DATA IN THIS EXERCISE
★ ★ ★ ★ ★ ★ ★
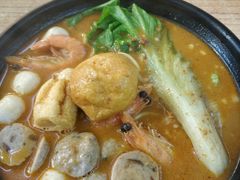 -老闽味沙茶面·姜母鸭(传承35年曾厝垵店)
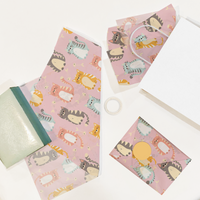 Cats Tissue Paper for Gift Bags
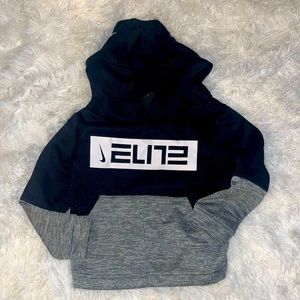 Nike Élite hoodie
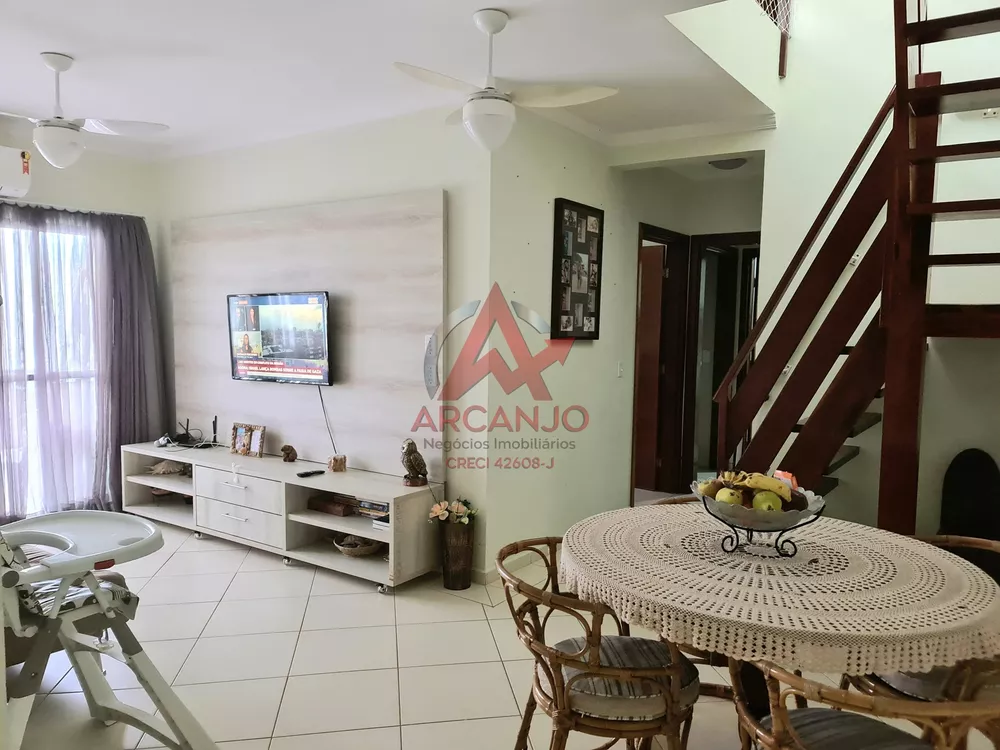 Apartamento, 3 quartos, 150 m² - Foto 4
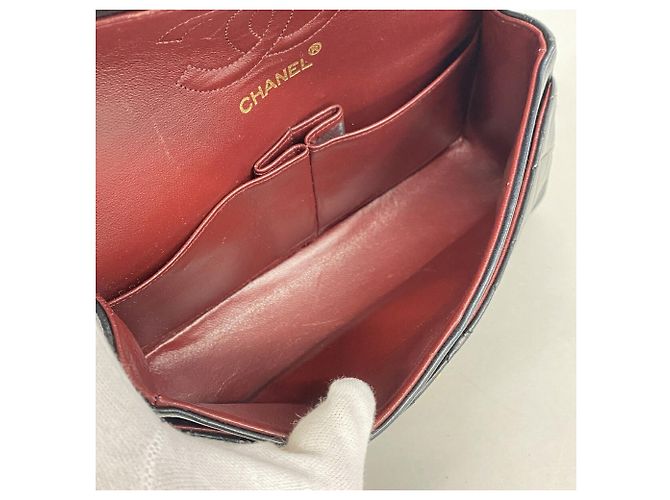 Bolsa de Ombro Chanel Matelassé - vista 4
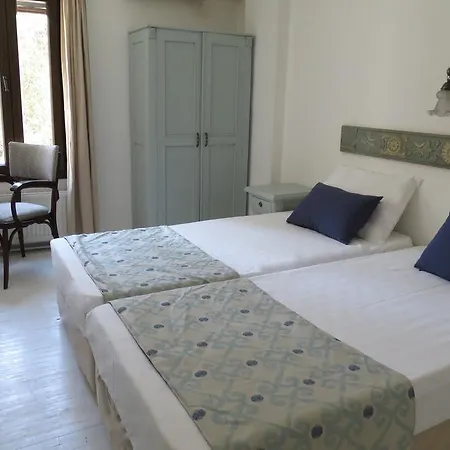 Hotel Kalehan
★ ★ ★ ★ ★ ★ ★
A verbatim copy of the records is needed, with all images omitted.

TASK ANSWER
 -老闽味沙茶面·姜母鸭(传承35年曾厝垵店)
 Cats Tissue Paper for Gift Bags
 Nike Élite hoodie
 Apartamento, 3 quartos, 150 m² - Foto 4
 Bolsa de Ombro Chanel Matelassé - vista 4
 Hotel Kalehan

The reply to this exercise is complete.